Descriptions, Reviews, Etc.
Publisher Description:
Imagination and Environmental Political Thought: The Aftermath of Thoreau seeks to correct oversimplified readings of Henry David Thoreau's political thought by elucidating a key tension within his imagination. With the celebration of Thoreau's two-hundredth birthday now past, this study outlines, and builds on, his own understanding of imagination and considers its implications for environmental politics. Despite the use of the word, "aftermath," Thoreau's legacy for environmental political thought is primarily constructive and foundational for modern environmentalism. Thoreau's virtues and vices have been inherited by his environmentally-conscious readers.

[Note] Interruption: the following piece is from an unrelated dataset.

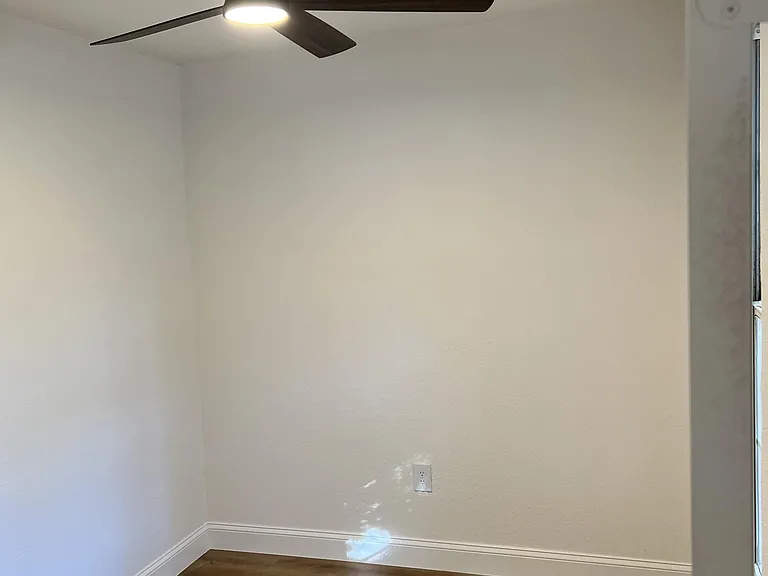 320 S 4th St — Photo 9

The author of Walden's preference for an abstract, ahistorical "higher law," his radical concept of autonomy, and his frustration with government and community foster an impractical political thought characteristic of an idyllic imagination. Nevertheless, Thoreau demonstrates a more prudential and moral imagination by emphasizing the inescapable relationship between the moral order of individuals and the order of political communities and by pioneering the central questions of humanity's relationship to non-human nature. Can this tension of imaginations be resolved? What are the consequences of this tension? Thoreau's overall vision ultimately creates significant problems with which environmentalists still struggle. While Thoreau's emphasis on freedom and the immaterial aspects of human and non-human nature are of considerable value, his abstract political morality, misanthropy and escapism must be resisted both for the sake of environmental well-being and human dignity. In addition, this book is an exercise in re-thinking how the humanities may provide scholars critical insights to better diagnose and respond to the environmental challenges of our time.